1) Wal-Mart definitely employs the minimum number of people (at least the minimum number of work-hours or $'s) needed to run any of their stores. How do I know this? It's common sense... it is through their exceptional supply chain practices and efficient cost controls that Wal-Mart ever became the number one retailer on the planet. They wouldn't be number one today if not for those things. Arguing that Wal-Mart is one of the world's largest employers today isn't the point. My point is that the thousands of small and medium-sized businesses which would exist today if not for Wal-Mart's squashing them out of existence the past 20+ years would likely have employed more people if not just for the fact that the HR/personnel economy of scale Wal-Mart enjoys at its mammoth properties isn't something they would have.

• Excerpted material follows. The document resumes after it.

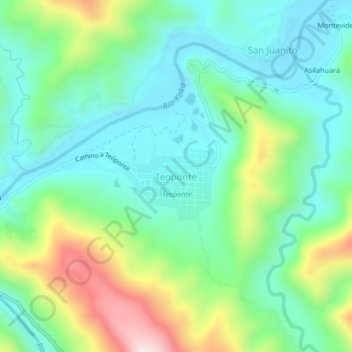 Teoponte topographic map, elevation, terrain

2) I never used the phrase mom-and-pop and I think it is you who has a fairy tale image of what Wal-Mart's real impact is on our world. Making broad sweeping statements of how the small and medium-sized businesses Wal-Mart drove out of business must have been managed is ignorant in light of how many we're talking about... we're talking about 1000s; not just one or two. On the other hand it is well documented how Wal-Mart is run today, how its employees are treated, and details investments made into the Wal-Mart store local economies (or lack thereof) are public as well... so we don't have to conjecture about those things.
Wal-Mart enjoys fantastic economy of scale, preferred treatment from Federal and state & local Government, and they are a massively funded public company which means they can leverage assets and $ no small or medium-sized business can compete against. Those things don't make Wal-Mart a "great company," I instead argue that it just makes them on the receiving end of a lot of momentum... momentum to take over the retail world with continued expansion and monopolization of their markets. At some point people will have to pull their heads out of their behinds and realize that Wal-Mart is just too big and detrimental to the local economies within which they sell their products.

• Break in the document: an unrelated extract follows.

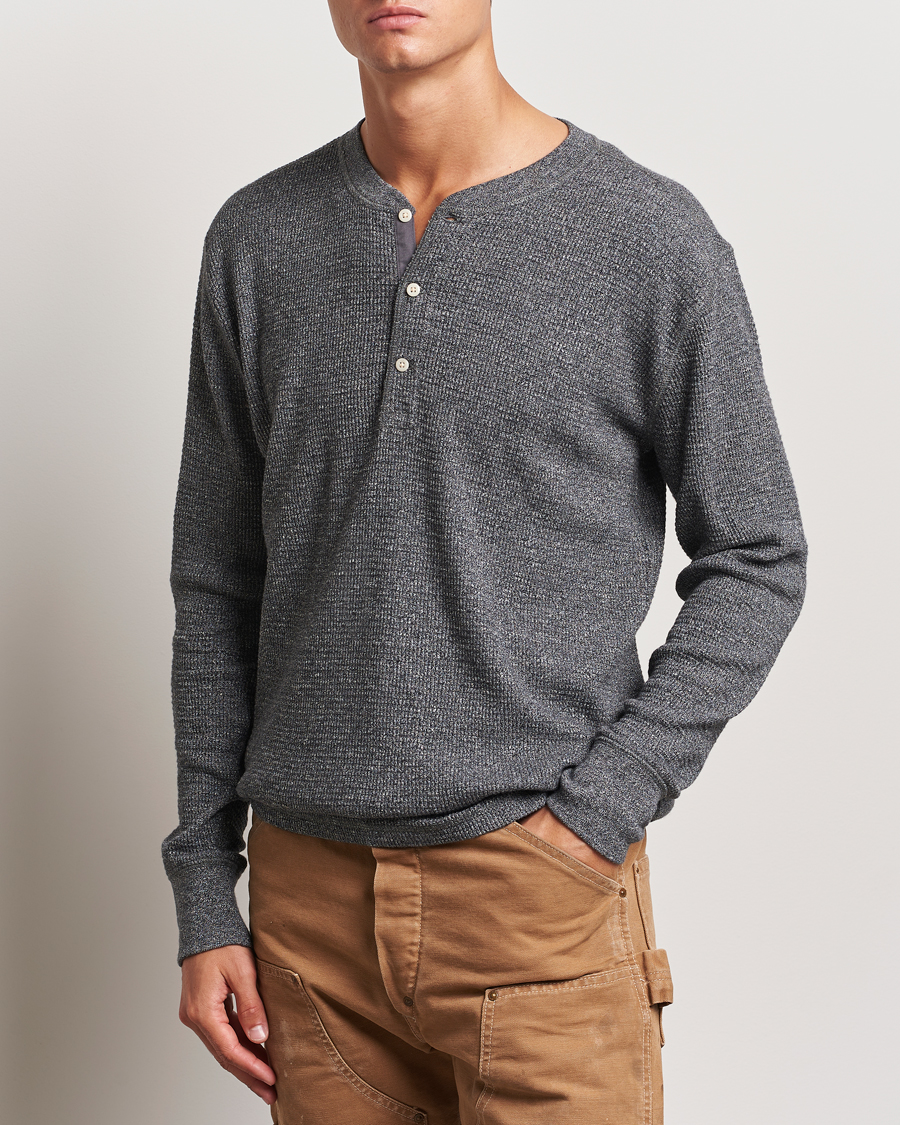 Herre |  | RRL | Long Sleeve Henley Charcoal Heather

1)At some point people will have to pull their heads out of their behinds and realize that Wal-Mart is just too big and detrimental to the local economies within which they sell their products.
This is what you'd have to think. But the American people have this love affair with Wal-Mart, and seem willing to let all the other businesses in town die so that it may live.
Walmart started the $4 prescription program where dirt cheap drugs were finally sold dirt cheap. Many who could not afford their presciptions previously, now can.
In some areas Walmart is severely denting payday loan/ check cashing places by doing it for a fraction of the cost. Poor people paying 3% to cash their paychecks is a bad idea. WM does it for like $3.
Gee, I wish I would have known that before I got my Bachelor in CS. I had no idea that unskilled, uneducated laborers should be making more money than those with advanced degrees.
That's the union mentality for ya.
Now you're saying that you're entitled? So you conservatives think it's fine when you're entitled but not when the other guy is?
Thanks for making your contempt for hard work and those who perform it so obvious, every word from your mouth helps expose conservative hypocrisy and conservative hostility towards blue collar workers.